### [AIM OF THE TASK]
Exact copy without images: repeat every entry as written.

(Brief descriptive captions)
################

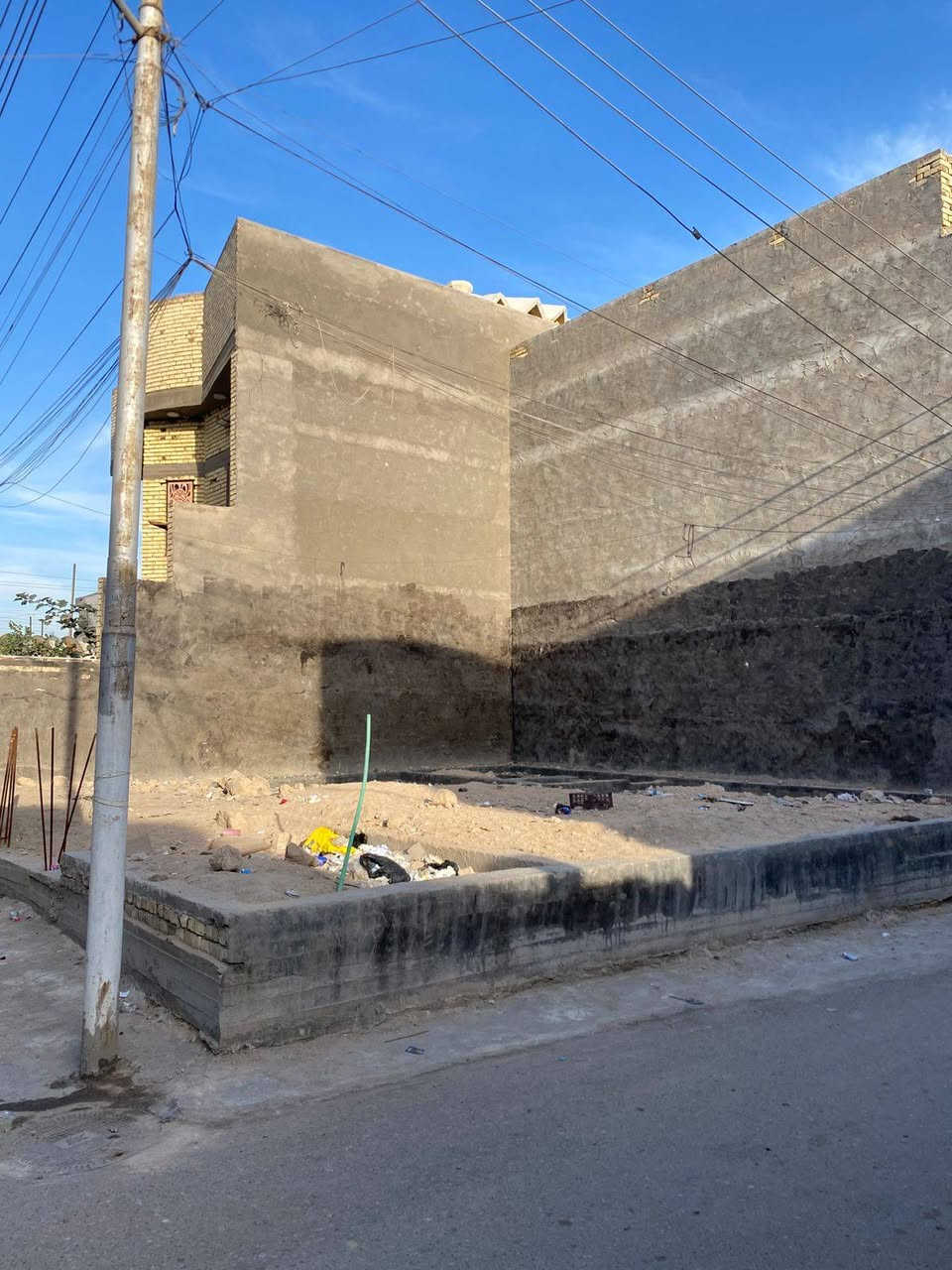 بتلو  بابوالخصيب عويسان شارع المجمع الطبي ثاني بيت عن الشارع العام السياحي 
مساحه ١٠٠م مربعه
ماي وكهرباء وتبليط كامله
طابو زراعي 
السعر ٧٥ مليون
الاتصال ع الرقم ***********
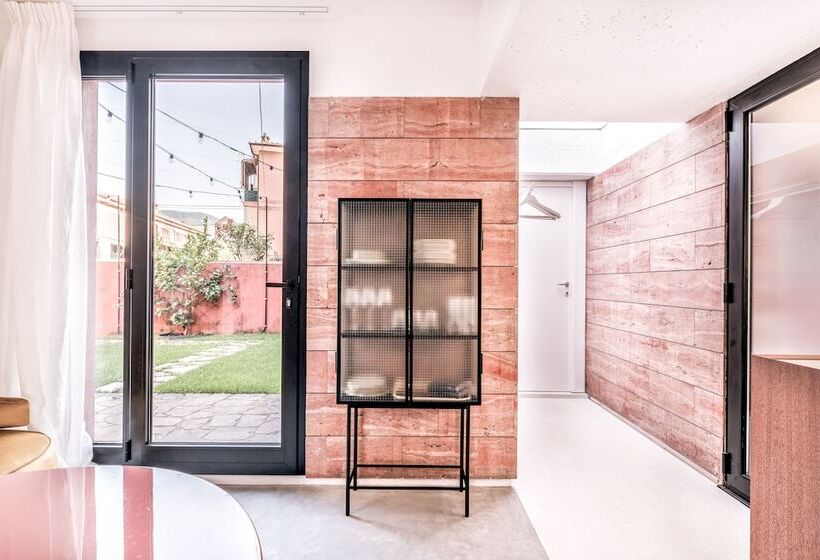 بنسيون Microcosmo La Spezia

################

### [TASK OUTPUT]
 بتلو  بابوالخصيب عويسان شارع المجمع الطبي ثاني بيت عن الشارع العام السياحي 
مساحه ١٠٠م مربعه
ماي وكهرباء وتبليط كامله
طابو زراعي 
السعر ٧٥ مليون
الاتصال ع الرقم ***********
 بنسيون Microcosmo La Spezia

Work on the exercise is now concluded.